In another Supreme Court judgment in Quinn Logistics India Pvt. Ltd v. Mack Soft-Tech Pvt. Ltd and ors held that objective behind timeline prescribe under section 12 of the Code is to prevent unnecessary delays in the completion of the CIRP. The extension of CIRP timeline under section 12(3) is subject to fair justification provided to the adjudicatory authority. The extension of the period of CIRP permitted only when the committee of creditors or the Resolution Professional justify their performance over 180 days.

In Ashish Chaturvedi Ex-Director, A to Z Barter Pvt. Ltd. V. Inox Leisure Ltd., NCLAT revoked the NCLT order wherein the Resolution Professional prayed for an extension by excluding the time period from the date of the initial order dated 12.12.2018 till date on the ground that the order was not communicated to him by NCLT. The NCLAT held Speedy is the gist for an effective, efficacious functioning of the Bankruptcy Code. As per Section 12(3) of the Code, the timeline of ‘CIRP is not to be extended more than once. The concerned authorities are required to adhere to the model 16 timeframe envisaged in Regulation 40(A) of IBBI (CIRP for corporate person) Regulations 2016 as far as possible. In an extraordinary circumstance(s), the ‘Adjudicating Authority’ can extend the ‘Corporate Insolvency Resolution Process’ beyond the time limit adumbrated in Section 12(3) of the Code. The extension of time can be only ade through an application by the Insolvency Resolution Professional based on ‘Committee of Creditors’ as mentioned in sub-Section 2 and 3 of Section 12 of the IBC, 2016.

Conclusion

The timelines of even 330 days fixed by the Statute has been breached in quite a few cases. The Insolvency and Bankruptcy Code, 2016 significantly tries to improve India’s ability to resolve insolvency efficiently and, in a time-bound manner. The insolvency timeline in the US and UK is approximately a year on average except pre-packaged insolvency resolutions. In India, initiatives are being taken to introduce pre-packaged insolvency to reduce the burden on NCLT. In pre-pack insolvency regime, the resolution plan is finalized prior to the commencement of insolvency proceedings. In this pre-pack process an agreement for CIRP is executed between secured creditors and the investors rather than going for a public bidding process which saves a lot of time. This is one way of dealing with corporate insolvency where a financial creditor or a corporate debtor, where the debtor can only propose prior to occurrence of a default, can initiate the insolvency resolution process by appointing an independent insolvency resolution professional.

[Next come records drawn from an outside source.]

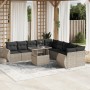 Garden sofa set 11 pieces and gray synthetic rattan cushions by , Garden sets - Ref: Foro24-3268802, Price: 835,24 €, Discoun...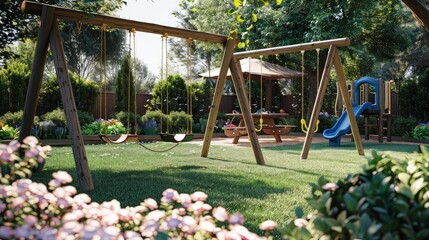 A family-friendly backyard with a playground set, including swings and a slide, on a safe, soft grass area. There's a picnic table under a shaded area, surrounded by flowering shrubs. 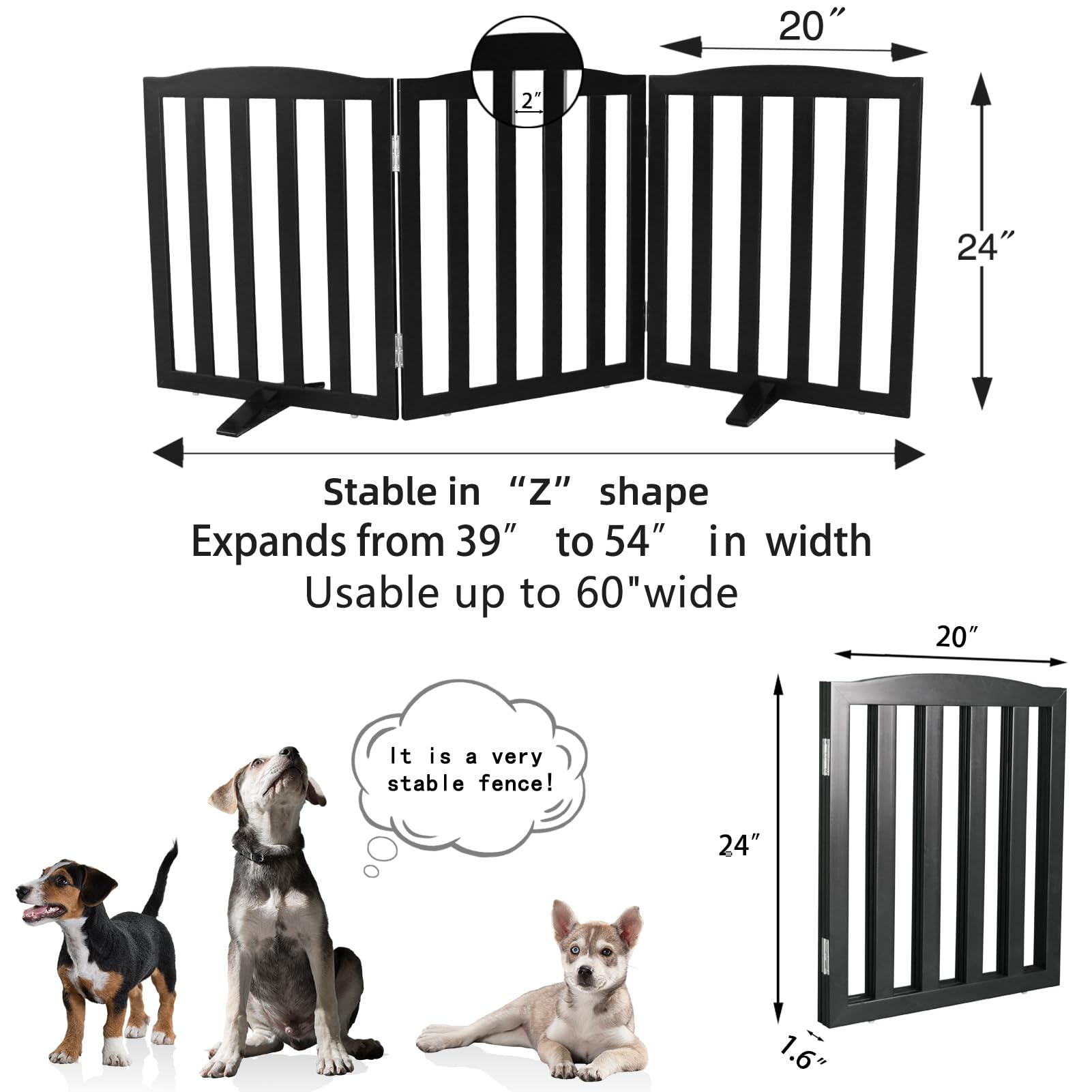 SFJC 24-inch height provides visible barrier for small to medium dogs.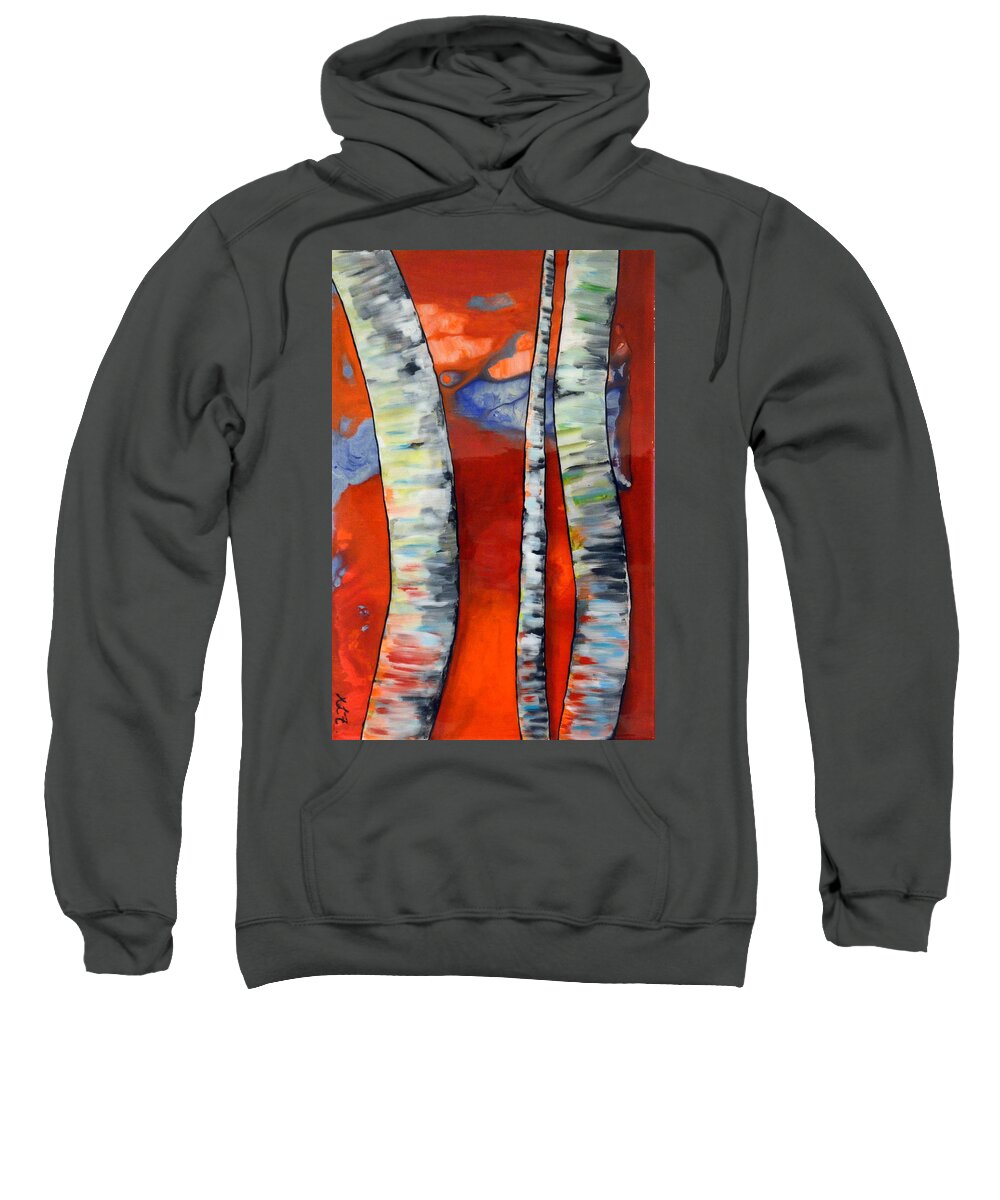 Abstract Sweatshirt featuring the painting Scarlet Birch Trees resin by Heather Lovat-Fraser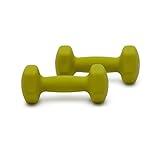 Amazon Basics Neoprene Coated Dumbbell Hand Weight Set, 5 pound each, Set of 2, 10 pounds, 2.27 Kilograms, Green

The resolution professional will conduct the pre-packed insolvency resolution process while keeping the objectives of the Code in place and will try to maximize the value of the assets of the Corporate Debtor. In the UK once restructuring scheme is finalized the insolvency process gets completed in 6 weeks’ timeline. The pre-pack insolvency process is completed as soon as the administrator has been appointed. In the US there is prescribed timeframe for the completion of a non-prepackaged under Chapter 11 Bankruptcy proceedings. However, most cases typically have a plan confirmed within the 18-month period of plan exclusivity discussed above. In comparison to UK and US, Indian insolvency timeline for non-pre packaged insolvency is less as per IBC. To fasten the timeline and to lessen the burden of NCLT pre-pack insolvency regime are required to be introduced in India. As per MS Sahoo Panel report on pre-pack insolvency the timeline prescribed is 90 days.